Sahara, oil on canvas, 30x30 inches (© 2007 Diane McGregor)

JJLJ: How do you see your work influencing others?
DM: There is so much suffering in the world. Through my paintings, I hope to invite people into a visual experience of beauty, peace, and tenderness. I want to remind people of the fragile beauty of the natural world. I seek to connect the viewer with their very deepest sense of who they are and why they are here.

Love Letter, oil on canvas, 8x8 inches (© 2007 Diane McGregor)

JJLJ: What is the strangest or funniest comment or question you've ever gotten about your work?

DM: Well, it’s not strange or funny, but it’s one of the more memorable comments I’ve gotten. I was having a solo show at the Las Cruces Museum of Art (in Las Cruces, New Mexico). Just before the opening reception, I was standing outside admiring the sky – the sunset illuminated the undulating clouds in such a way that the sky looked like one of my paintings. A security guard at the museum was standing next to me. She told me she wasn’t able to understand my paintings at first, but after seeing those clouds she really “got it.” She was so excited about this newly-formed connection to abstraction – she was beaming. And, of course, so was I. As artists we are primarily communicators, and sometimes abstract artists have a tough go in being understood by the general public. I was delighted at having been able to communicate my reverence for Nature’s beauty with an abstract vocabulary.

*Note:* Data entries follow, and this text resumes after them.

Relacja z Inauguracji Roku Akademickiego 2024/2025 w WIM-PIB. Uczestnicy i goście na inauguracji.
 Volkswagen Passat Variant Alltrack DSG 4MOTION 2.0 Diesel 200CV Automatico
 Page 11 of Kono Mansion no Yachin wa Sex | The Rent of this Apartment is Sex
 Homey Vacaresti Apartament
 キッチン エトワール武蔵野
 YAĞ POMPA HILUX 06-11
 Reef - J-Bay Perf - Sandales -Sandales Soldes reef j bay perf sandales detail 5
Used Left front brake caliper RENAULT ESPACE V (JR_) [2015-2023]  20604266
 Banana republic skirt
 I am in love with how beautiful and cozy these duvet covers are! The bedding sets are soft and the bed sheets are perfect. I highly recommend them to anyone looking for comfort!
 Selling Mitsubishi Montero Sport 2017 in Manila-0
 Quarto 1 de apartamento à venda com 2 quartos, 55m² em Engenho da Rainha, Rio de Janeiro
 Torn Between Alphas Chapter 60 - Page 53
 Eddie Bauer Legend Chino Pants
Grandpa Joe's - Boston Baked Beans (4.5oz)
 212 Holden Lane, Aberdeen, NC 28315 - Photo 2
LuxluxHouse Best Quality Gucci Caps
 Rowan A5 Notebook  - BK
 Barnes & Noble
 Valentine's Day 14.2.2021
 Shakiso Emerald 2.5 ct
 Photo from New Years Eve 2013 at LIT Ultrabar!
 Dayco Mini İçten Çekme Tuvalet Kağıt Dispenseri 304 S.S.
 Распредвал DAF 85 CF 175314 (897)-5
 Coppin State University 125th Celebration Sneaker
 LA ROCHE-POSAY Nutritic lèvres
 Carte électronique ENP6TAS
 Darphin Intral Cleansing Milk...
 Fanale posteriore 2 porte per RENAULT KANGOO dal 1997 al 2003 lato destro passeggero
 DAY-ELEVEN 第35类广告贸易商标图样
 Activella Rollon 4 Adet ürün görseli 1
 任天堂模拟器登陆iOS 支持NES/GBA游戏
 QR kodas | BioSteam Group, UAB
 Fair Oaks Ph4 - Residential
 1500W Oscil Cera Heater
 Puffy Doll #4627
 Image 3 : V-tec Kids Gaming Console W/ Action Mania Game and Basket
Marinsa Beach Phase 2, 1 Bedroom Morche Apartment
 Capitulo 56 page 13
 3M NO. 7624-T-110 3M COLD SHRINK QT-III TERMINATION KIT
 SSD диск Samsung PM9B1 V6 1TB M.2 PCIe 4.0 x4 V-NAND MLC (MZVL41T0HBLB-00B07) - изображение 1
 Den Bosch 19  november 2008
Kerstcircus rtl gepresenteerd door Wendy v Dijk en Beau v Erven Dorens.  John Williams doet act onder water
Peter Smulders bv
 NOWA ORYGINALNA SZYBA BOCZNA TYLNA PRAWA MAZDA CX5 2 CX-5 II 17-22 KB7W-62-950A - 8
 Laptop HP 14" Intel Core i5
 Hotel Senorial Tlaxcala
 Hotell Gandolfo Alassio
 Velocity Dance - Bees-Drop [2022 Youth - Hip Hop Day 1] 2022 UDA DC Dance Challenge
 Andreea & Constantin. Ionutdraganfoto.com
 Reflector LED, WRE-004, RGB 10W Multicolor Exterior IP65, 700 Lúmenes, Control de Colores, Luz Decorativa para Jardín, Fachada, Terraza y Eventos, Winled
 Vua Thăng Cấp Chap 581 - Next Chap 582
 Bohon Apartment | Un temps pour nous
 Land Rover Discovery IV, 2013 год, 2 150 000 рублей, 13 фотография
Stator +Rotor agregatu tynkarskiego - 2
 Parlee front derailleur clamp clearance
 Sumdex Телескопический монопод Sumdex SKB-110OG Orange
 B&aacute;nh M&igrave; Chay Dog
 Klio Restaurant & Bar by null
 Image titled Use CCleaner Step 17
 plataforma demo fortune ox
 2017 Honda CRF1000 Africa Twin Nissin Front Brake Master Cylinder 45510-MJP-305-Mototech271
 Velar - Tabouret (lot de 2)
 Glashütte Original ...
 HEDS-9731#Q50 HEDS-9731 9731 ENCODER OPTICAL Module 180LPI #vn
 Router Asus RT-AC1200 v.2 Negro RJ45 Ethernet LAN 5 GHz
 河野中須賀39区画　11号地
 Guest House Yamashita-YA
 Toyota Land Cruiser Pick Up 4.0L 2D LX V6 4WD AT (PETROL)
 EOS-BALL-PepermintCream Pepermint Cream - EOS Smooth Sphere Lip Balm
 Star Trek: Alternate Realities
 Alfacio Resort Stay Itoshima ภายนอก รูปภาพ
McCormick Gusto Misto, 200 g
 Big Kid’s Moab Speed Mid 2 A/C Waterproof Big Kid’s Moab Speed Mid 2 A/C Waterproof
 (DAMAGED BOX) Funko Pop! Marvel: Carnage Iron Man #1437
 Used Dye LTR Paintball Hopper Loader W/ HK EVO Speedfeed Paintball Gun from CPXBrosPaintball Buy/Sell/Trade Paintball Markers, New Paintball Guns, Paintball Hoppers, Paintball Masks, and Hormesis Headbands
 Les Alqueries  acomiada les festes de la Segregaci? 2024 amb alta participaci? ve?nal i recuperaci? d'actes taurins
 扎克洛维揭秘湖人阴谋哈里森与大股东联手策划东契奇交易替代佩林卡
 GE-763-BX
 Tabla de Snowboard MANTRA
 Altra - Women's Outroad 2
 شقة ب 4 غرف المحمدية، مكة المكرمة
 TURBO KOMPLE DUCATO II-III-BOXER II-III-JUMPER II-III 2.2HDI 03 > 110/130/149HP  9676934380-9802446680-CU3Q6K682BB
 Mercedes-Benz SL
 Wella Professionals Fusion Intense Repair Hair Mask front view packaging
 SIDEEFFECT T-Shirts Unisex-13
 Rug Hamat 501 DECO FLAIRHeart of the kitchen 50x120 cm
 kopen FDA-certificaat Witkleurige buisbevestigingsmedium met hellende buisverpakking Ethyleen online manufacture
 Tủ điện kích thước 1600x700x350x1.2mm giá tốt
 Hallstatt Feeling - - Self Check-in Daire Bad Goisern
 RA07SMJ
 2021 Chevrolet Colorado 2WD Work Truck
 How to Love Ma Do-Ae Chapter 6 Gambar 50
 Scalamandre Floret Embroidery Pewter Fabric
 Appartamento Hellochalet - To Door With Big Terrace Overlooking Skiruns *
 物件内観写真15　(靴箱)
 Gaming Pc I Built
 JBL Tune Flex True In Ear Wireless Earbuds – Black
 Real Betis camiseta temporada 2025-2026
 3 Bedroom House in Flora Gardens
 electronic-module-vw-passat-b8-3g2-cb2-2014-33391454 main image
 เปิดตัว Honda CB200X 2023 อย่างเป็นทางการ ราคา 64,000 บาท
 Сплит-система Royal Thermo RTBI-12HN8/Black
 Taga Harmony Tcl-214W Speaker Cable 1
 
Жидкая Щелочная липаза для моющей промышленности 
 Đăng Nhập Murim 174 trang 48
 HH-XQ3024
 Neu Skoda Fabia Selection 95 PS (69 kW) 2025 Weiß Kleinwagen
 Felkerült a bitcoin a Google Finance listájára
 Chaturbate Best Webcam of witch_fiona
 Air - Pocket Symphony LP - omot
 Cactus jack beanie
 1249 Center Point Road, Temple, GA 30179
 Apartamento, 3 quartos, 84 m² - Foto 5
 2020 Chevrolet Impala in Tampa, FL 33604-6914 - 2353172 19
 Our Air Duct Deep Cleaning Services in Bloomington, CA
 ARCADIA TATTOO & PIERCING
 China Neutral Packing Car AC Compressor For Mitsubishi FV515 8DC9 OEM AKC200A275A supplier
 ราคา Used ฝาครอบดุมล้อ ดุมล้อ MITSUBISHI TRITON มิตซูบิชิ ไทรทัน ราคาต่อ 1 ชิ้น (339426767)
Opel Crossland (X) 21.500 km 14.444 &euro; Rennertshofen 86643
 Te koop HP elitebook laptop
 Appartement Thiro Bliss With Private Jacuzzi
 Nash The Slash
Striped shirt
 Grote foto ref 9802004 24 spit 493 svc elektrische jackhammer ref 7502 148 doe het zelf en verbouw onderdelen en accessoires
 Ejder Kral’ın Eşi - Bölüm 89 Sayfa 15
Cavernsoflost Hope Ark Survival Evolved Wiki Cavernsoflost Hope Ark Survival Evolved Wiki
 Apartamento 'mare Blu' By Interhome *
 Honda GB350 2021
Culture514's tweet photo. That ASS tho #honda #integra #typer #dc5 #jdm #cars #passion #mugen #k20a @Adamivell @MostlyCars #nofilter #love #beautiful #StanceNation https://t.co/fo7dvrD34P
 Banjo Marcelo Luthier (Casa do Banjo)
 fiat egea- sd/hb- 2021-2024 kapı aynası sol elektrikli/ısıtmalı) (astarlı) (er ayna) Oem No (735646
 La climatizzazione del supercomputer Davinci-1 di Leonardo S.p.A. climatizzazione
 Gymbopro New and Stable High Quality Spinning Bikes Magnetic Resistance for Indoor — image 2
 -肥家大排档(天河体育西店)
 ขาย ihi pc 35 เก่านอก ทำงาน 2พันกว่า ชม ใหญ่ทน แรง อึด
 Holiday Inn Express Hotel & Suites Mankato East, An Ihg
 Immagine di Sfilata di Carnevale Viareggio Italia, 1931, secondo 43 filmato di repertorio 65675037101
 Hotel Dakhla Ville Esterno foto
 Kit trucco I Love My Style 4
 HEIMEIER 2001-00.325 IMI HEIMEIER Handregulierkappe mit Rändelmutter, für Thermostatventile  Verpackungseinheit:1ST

JJLJ: What is your idea of personal success?

DM: It sounds trite, but: “To love what you’re doing, and to do what you love.” If you can wake up each morning, loving your life, loving what you have to do, that is success.

JJLJ: Are there any links you would like to share?

DM: Yes. My website. The Cradle Project. A great career resource for artists is : Alyson Stanfield's blog. The Astronomy Picture of the day is truly inspiring. And The Wildlife Center is an organization that I am very involved with.

Image: Diane with her sweet rescued Coonies! (KUDOS to you, Diane!!)

JJLJ: Thank you, Diane for contributing to InnerViews. We wish you continued success and look forward to following your career.

DM: Thank you very much, Jennifer. It's been a pleasure.